(Scraped caption text data)
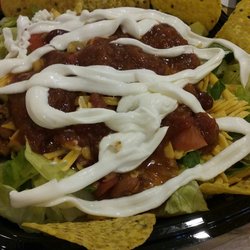 Wendy's - My taco salad creation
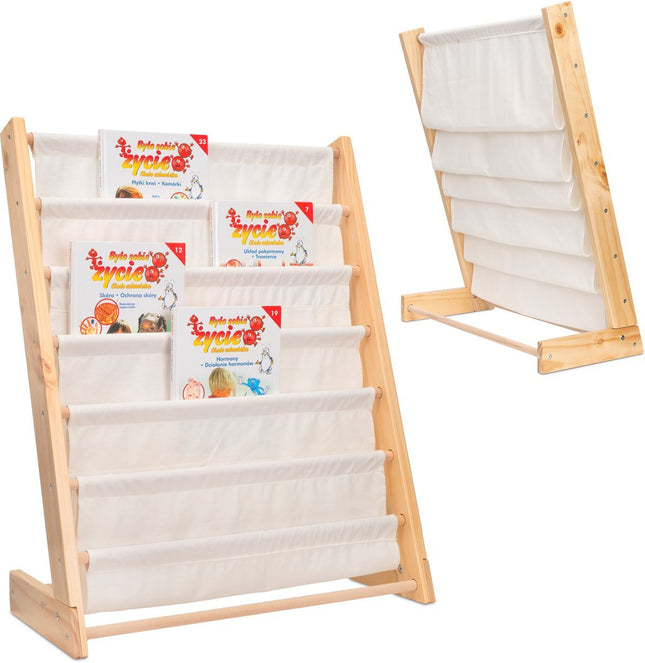 KAIA houten boekenkast voor de kinderkamer - Seprio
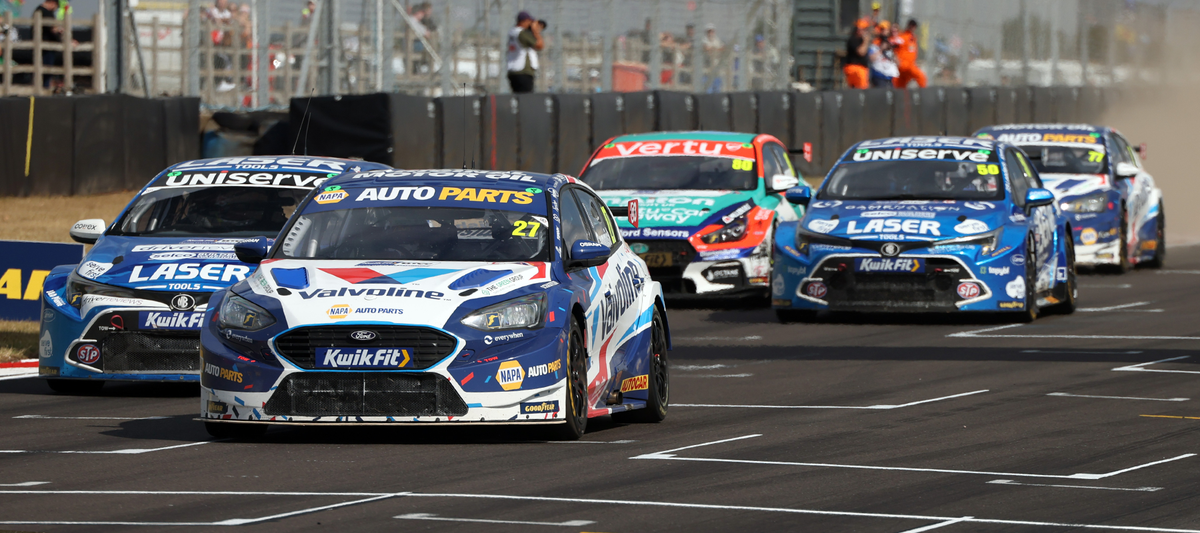 MOUNTUNE POWER DELIVERS AT DONINGTON PARK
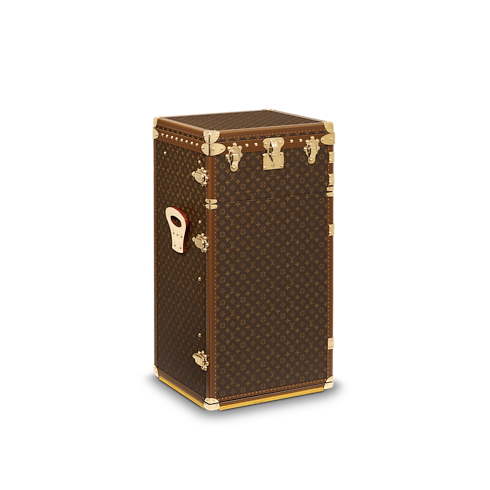 Rương Cigar Monogram in Đồ Nam's Du lịch Make it yours collections by Louis Vuitton (Thu phóng sản phẩm)
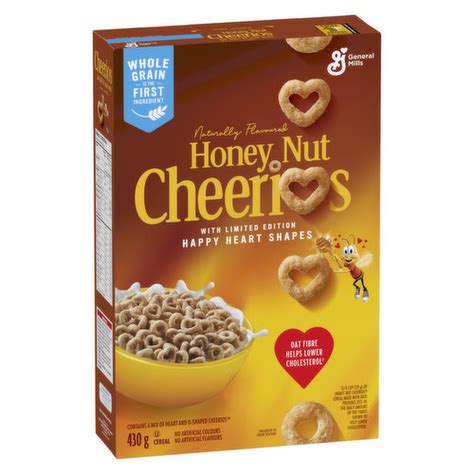 General Mills Honey Nut Cheerios Cereal Save On Foods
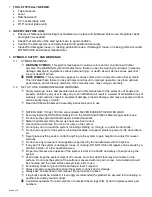 Preview for 2 page of EZ-ACCESS Fortress OSHA Series Installation Manual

▶ [Requirement]
Every line above should be returned exactly; the pictures stay out.

▶ [Task answer]
 Wendy's - My taco salad creation
 KAIA houten boekenkast voor de kinderkamer - Seprio
 MOUNTUNE POWER DELIVERS AT DONINGTON PARK
 Rương Cigar Monogram in Đồ Nam's Du lịch Make it yours collections by Louis Vuitton (Thu phóng sản phẩm)
 General Mills Honey Nut Cheerios Cereal Save On Foods
 Preview for 2 page of EZ-ACCESS Fortress OSHA Series Installation Manual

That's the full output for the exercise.